Why is the voltage produced by a voltaic cell affected by temperature as described by the Nernst Equation?

Question

I understand why changing the concentrations of the electrolytes in a voltaic cell affects the voltage. Given a zinc-copper cell for example, if I were to increase the concentration of the zinc sulphate electrolyte, the equilibrium between zinc ions and zinc metal would shift towards the side of the zinc metal. This would cause the reduction potential for zinc ions to increase, decreasing the overall cell potential. Please correct me if I’m wrong as this is how I understand it!

However, I don’t quite understand why temperature affects the voltage the way it does. According to the Nernst equation, if the reaction quotient is greater than one (meaning that the zinc sulphate concentration is greater than the copper sulphate concentration in this example), increasing temperature decreases voltage.

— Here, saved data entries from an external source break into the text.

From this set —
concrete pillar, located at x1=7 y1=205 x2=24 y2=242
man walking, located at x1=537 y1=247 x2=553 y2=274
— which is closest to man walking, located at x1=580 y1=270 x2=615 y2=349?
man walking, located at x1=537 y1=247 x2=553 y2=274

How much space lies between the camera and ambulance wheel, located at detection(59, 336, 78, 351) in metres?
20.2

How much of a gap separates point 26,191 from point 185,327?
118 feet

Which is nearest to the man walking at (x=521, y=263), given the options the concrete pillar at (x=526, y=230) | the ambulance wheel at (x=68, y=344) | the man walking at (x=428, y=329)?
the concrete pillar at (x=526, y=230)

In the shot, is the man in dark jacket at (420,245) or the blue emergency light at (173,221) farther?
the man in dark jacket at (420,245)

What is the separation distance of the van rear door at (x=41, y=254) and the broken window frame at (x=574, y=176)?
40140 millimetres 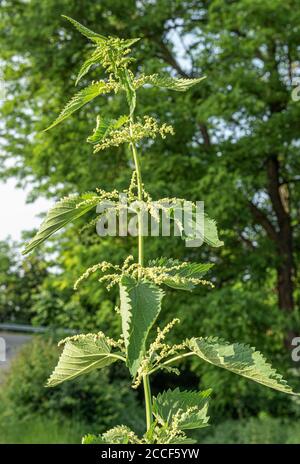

Conversely, if the reaction quotient is less than one, increasing temperature increases voltage.

I am familiar with Le Chatlier's principle, but if I were to apply it to this scenario, given that the redox reaction taking place is exothermic, it would suggest that increasing temperature would always decrease the voltage produced since it would cause a shift towards the reactant side. This, of course, does not correspond with the relationship predicted by the Nernst equation.

I have looked all over the internet but I could not find any answer to this seemingly straightforward question. Any help is greatly appreciated!

Answer 1

Both terms of the difference in the Nernst equation depend on the temperature.

$$E = E^\circ - \frac{R T}{z F} \ln Q$$

The second term obviously depends on temperature because it contains the temperature (and the other quantities are either constants or not temperature-dependent). The first term, however, is temperature-dependent as well. If you consider the relationship to the standard Gibbs energy of reaction, this becomes clear:

$$Δ_rG^\circ=−z F E^\circ $$

Rather than figure out the temperature-dependence by looking at the two terms, it is easier to forget the Nernst equation and directly relate the cell potential at non-standard conditions to the Gibbs energy of reaction under the same conditions:

$$Δ_rG=−z F E $$

At constant pressure, the partial derivative of the the Gibbs energy of reaction $Δ_rG$ with respect to the temperature is $-Δ_rS$. (Perhaps surprisingly, the temperature-dependence of the equilibrium constant depends on the sign of $Δ_rH$ instead, i.e. whether the reaction is endothermic or exothermic, see Van't Hoff equation).

Answer 2

You are correct in understanding that changing the concentration of electrolytes in a voltaic cell affects the voltage through the Nernst equation. As for the effect of temperature, it is important to remember that the Nernst equation takes into account the effect of temperature on the equilibrium constant (K) of the reaction, not just the effect of temperature on the reaction itself.

While an exothermic reaction would suggest that increasing temperature would shift the equilibrium towards the reactant side, it is not always the case. In fact, the direction of the shift depends on the overall enthalpy change (ΔH) of the reaction and the entropy change (ΔS). If the reaction is exothermic and the entropy change is positive, increasing temperature would actually shift the equilibrium towards the product side, resulting in an increase in voltage.

In the case of a zinc-copper cell, the Nernst equation predicts that increasing temperature would decrease the voltage if the zinc sulphate concentration is greater than the copper sulphate concentration (Q>1). This is because the reaction would be more product-favored at higher temperatures, and the excess of zinc ions would cause a decrease in the cell potential. On the other hand, if the copper sulphate concentration is greater than the zinc sulphate concentration (Q<1), increasing temperature would increase the voltage as the reaction would be more reactant-favored at higher temperatures.

Overall, the effect of temperature on the voltage of a voltaic cell depends on the specific reaction involved, and cannot be predicted solely based on Le Chatelier's principle.

Answer 3

Consider that even when exist a "driving force" to move ions to electrodes, it is necesary that particles stay not static, they need some capacity to move to change direction and take way to electrodes, and what gives this capacity to move, Energy, and in any particle system this energy distribution follows Maxwell-Bolzmann and this means that temperature counts.. e^-(1/kT)